The purpose of an objection at trial is to allow the trial court an opportunity to cure an impropriety. Here, there was nothing for the defendant to object to. Mr. Clark offered Ms. Williams' testimony. The prosecutor moved to exclude the testimony and the trial judge erroneously sustained the motion. There was nothing more for the defendant to do. The error was completed. Mr. Clark is not procedurally barred from bringing this assignment of error.

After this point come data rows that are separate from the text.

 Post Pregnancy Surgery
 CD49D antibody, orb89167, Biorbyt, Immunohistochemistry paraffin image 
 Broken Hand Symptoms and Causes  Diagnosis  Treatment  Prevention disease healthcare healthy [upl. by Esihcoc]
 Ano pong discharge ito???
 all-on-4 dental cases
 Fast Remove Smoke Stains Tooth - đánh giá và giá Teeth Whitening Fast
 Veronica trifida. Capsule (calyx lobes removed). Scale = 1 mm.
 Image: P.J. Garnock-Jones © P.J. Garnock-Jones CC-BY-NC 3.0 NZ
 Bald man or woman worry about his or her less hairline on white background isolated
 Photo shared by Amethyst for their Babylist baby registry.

As to the substantive consideration of this assignment of error, the state argues that Ms. Williams' testimony was irrelevant because it went to the collateral issue of Willie Lewis' credibility; therefore, the trial judge correctly excluded the testimony under M.R.E. 402. (Under pre-M.R.E. Law, it was error to allow a witness to contradict on a collateral matter. See e.g., Price v. Simpson, 205 So. 2d 642, 643 [Miss. 1968].) Mrs. Williams testified that Willie Lewis came to Sara Carrington's house and asked for water and a towel, stating, "He say, `I've been cut,' he said `I cut a boy, but I don't know whereabouts... .' So I gave him a towel and washed his hand and I was staying at my sister's house, you know, and he say `I cut myself with a boxcutter, this thing that I cut the boy with.'" This testimony is not collateral; instead, it goes directly to the heart of who cut Derrick Willis' throat that fateful night.

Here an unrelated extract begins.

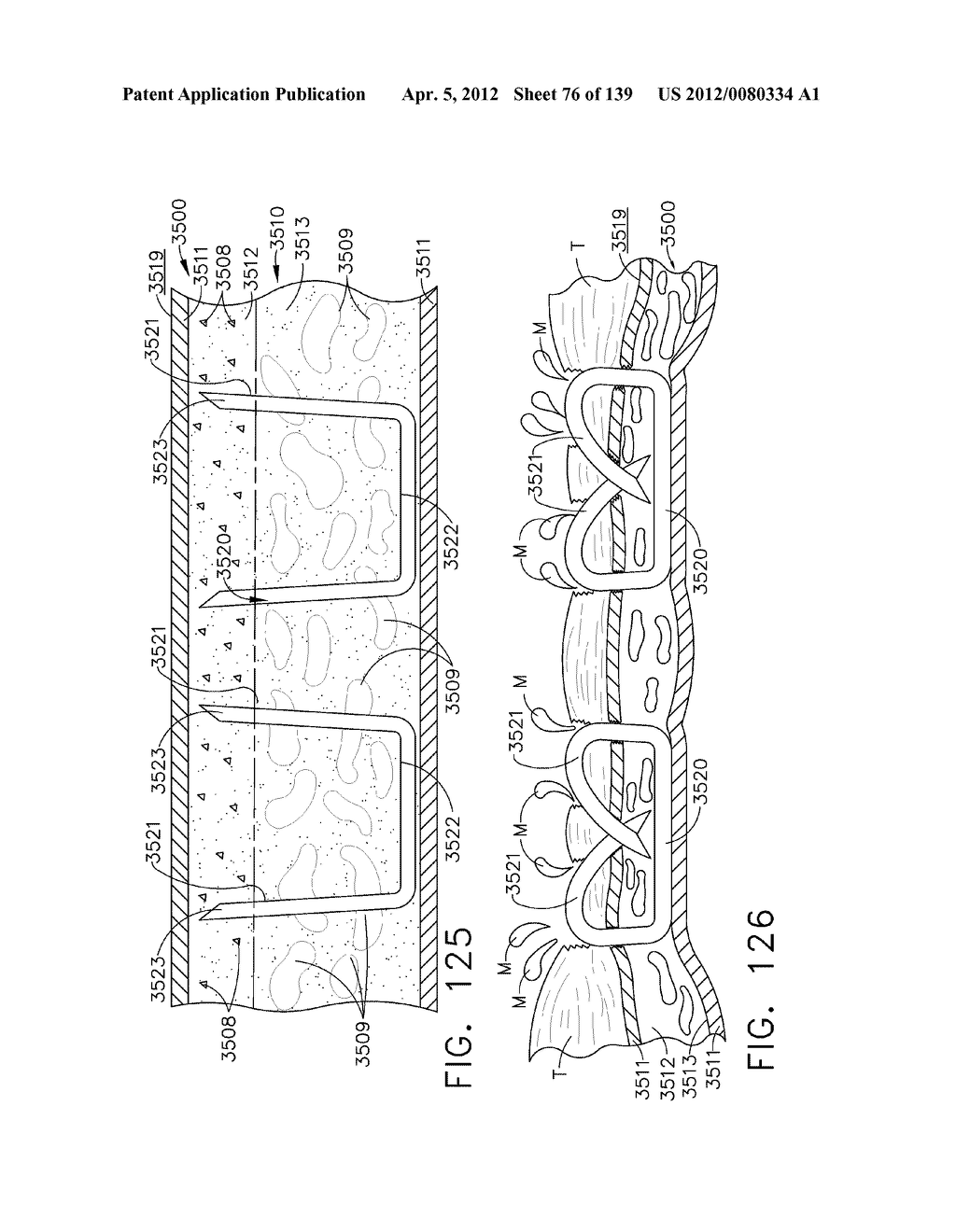 SELECTIVELY ORIENTABLE IMPLANTABLE FASTENER CARTRIDGE - diagram, schematic, and image 77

While it is true that the trial judge enjoys a considerable amount of discretion as to the relevancy and admissibility of evidence, Shearer v. State, 423 So. 2d 824, 826 (Miss. 1983), we find that the trial court erred when it characterized Ms. Williams' testimony as irrelevant. The issue concerning Willie Lewis is not whether he has a character trait for being truthful, but, rather, whether Willie Lewis was telling the truth about the circumstances surrounding the fight, the cutting of Derrick Willis, and Lewis' participation in these events. Ms. Williams' testimony contradicts Lewis' testimony that he did not cut anybody. The possibility that Lewis cut Derrick Willis is a relevant factor to be considered by the jury in its deliberations as to whether or not Hudson Clark was guilty of cutting Derrick Willis, since the issue at trial was the identity of the person who cut Derrick Willis. As this Court stated in American Potash and Chemical *1224 Corporation v. Nevins, 249 Miss. 450, 163 So. 2d 224 (1964), "[e]vidence is admissible to show a collateral fact if the fact tends to prove or disprove a matter of fact made an issue in the case." Id. at 458, 163 So. 2d at 227. See also, McCormick on Evidence, § 47 (Edward W. Cleary, 3rd Ed. 1984). The jury should have been allowed to consider Ms. Williams' testimony and the trial court committed reversible error when it instructed the jury to completely disregard her testimony.
CONCLUSION
Because we find that the trial court erred when it instructed the jury to disregard Ms. Williams' testimony, we do not find it necessary to consider the other assignment of error. We reverse and remand this case to the Circuit Court of Sharkey County for a new trial consistent with this opinion.
REVERSED AND REMANDED.
ROY NOBLE LEE, C.J., HAWKINS, P.J., and PRATHER, ROBERTSON, SULLIVAN, ANDERSON, GRIFFIN and ZUCCARO, JJ., concur.